Records shown Start Marker

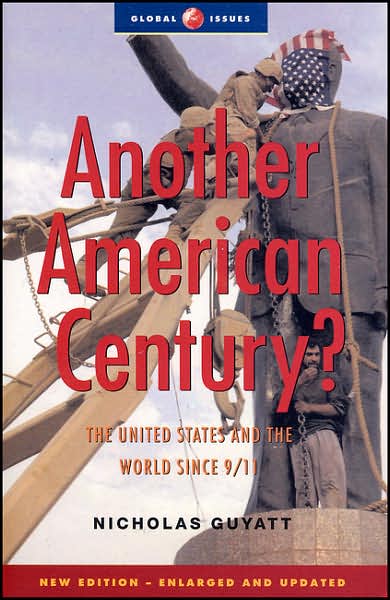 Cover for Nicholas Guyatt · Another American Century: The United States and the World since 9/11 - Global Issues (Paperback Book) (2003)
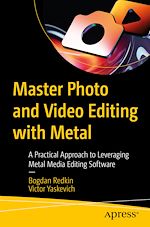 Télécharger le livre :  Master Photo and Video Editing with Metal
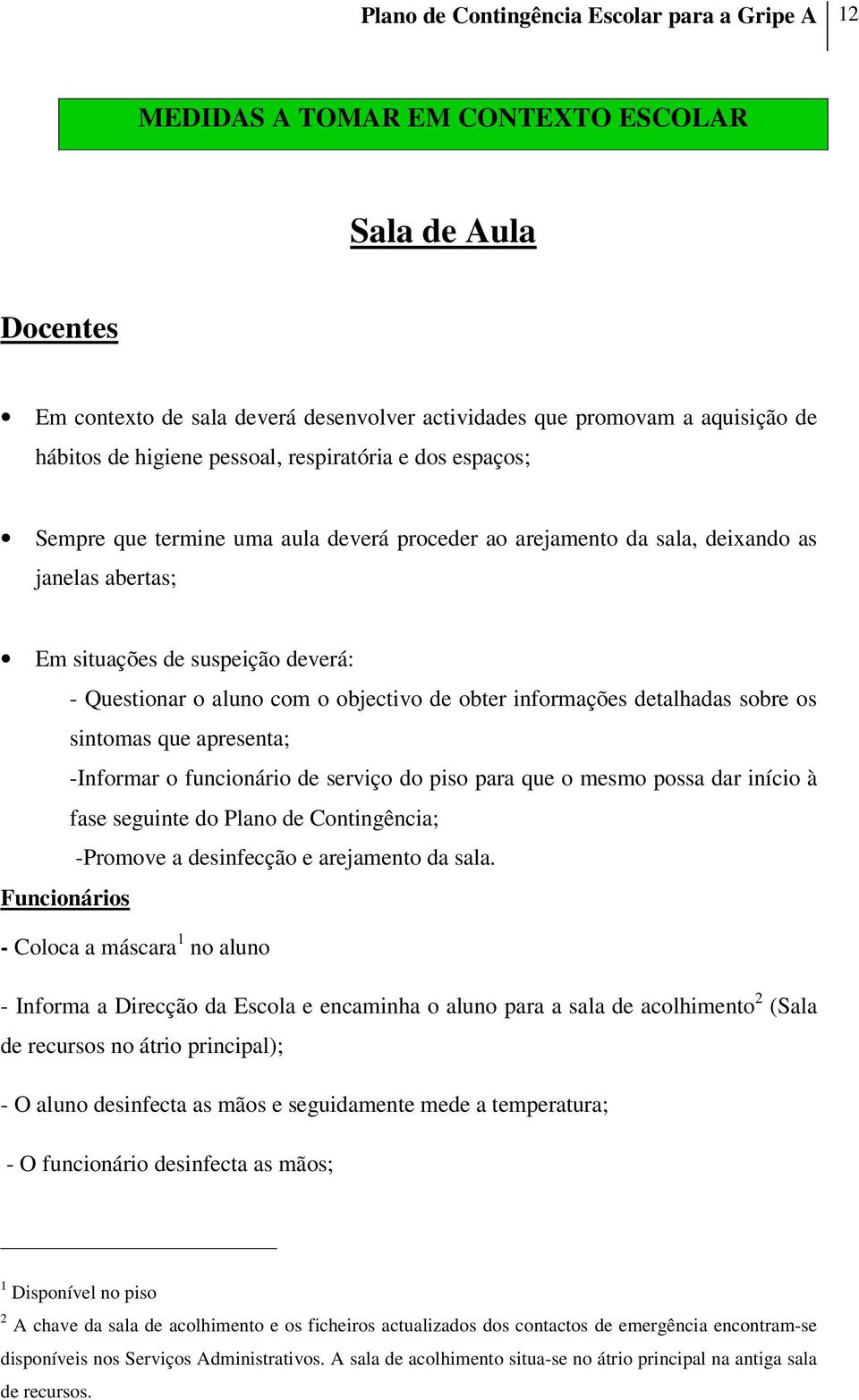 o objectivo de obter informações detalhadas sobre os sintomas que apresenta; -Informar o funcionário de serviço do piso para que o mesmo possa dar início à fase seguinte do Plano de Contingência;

Records shown End Marker
Records shown Start Marker

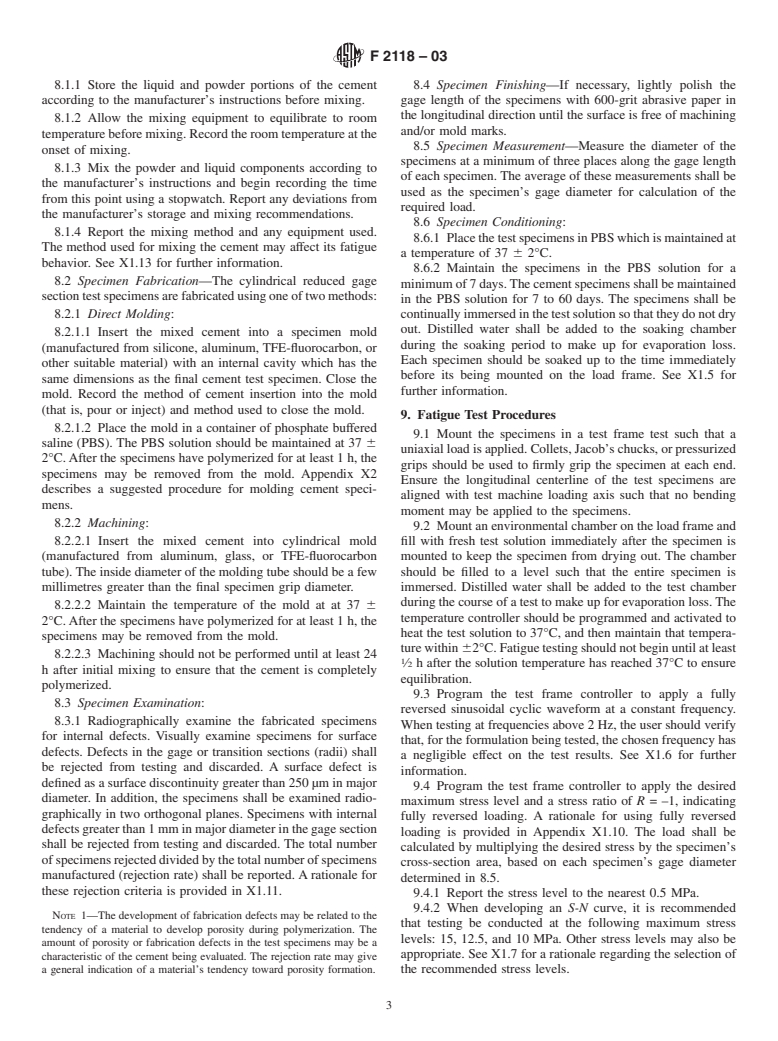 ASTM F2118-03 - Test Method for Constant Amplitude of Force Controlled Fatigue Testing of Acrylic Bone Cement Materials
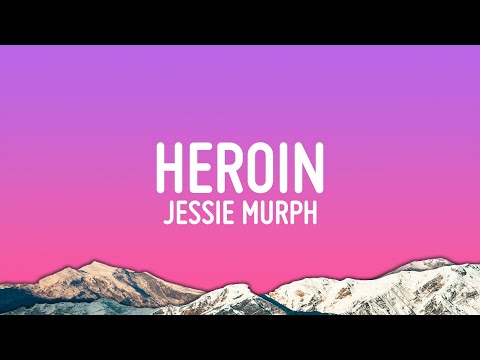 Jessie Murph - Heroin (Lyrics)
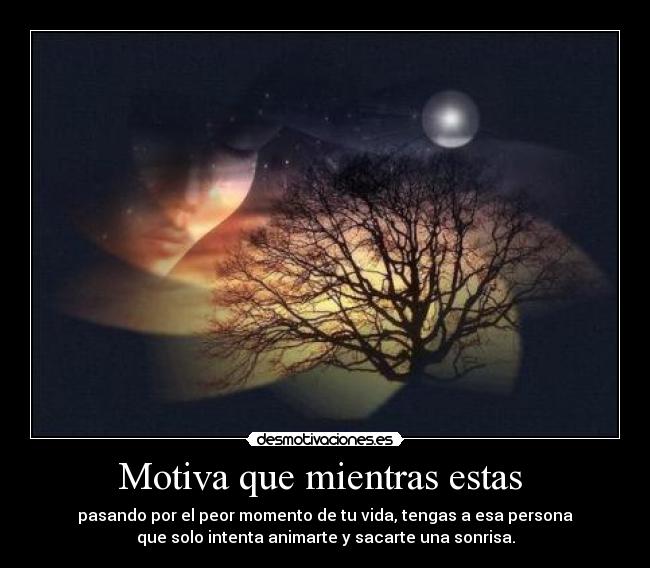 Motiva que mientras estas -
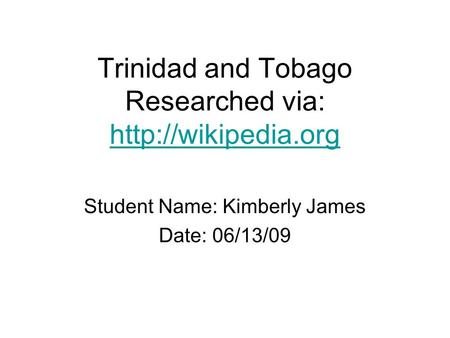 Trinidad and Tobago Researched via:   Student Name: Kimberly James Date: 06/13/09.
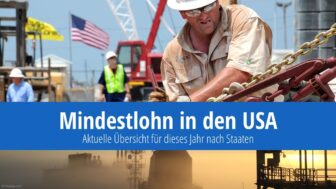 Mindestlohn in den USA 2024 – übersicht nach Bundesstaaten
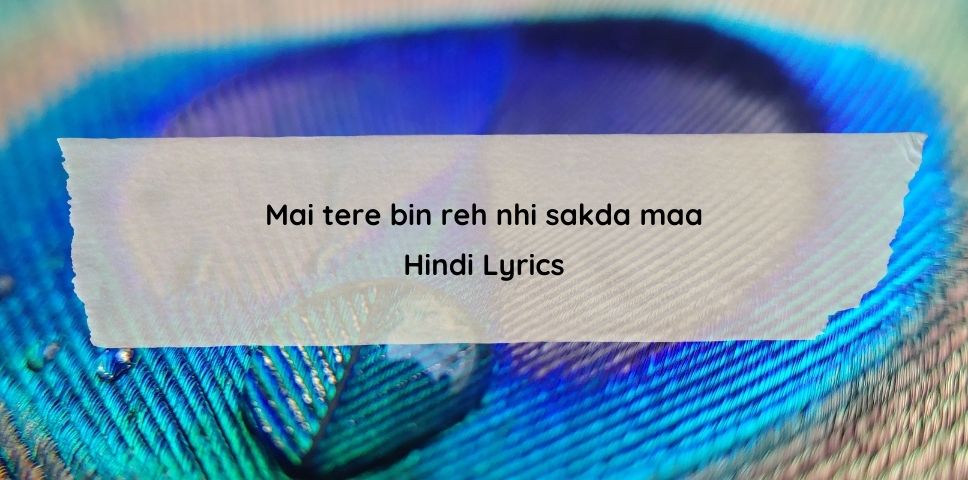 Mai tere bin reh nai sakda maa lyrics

Records shown End Marker

● **Required action**:
Start at the line above containing "Trinidad and Tobago" and stop at the line containing "Mai tere bin reh nai sakda maa lyrics": print those lines and everything between them exactly, but not the pictures.

● **Written response**:
 Trinidad and Tobago Researched via:   Student Name: Kimberly James Date: 06/13/09.
 Mindestlohn in den USA 2024 – übersicht nach Bundesstaaten
 Mai tere bin reh nai sakda maa lyrics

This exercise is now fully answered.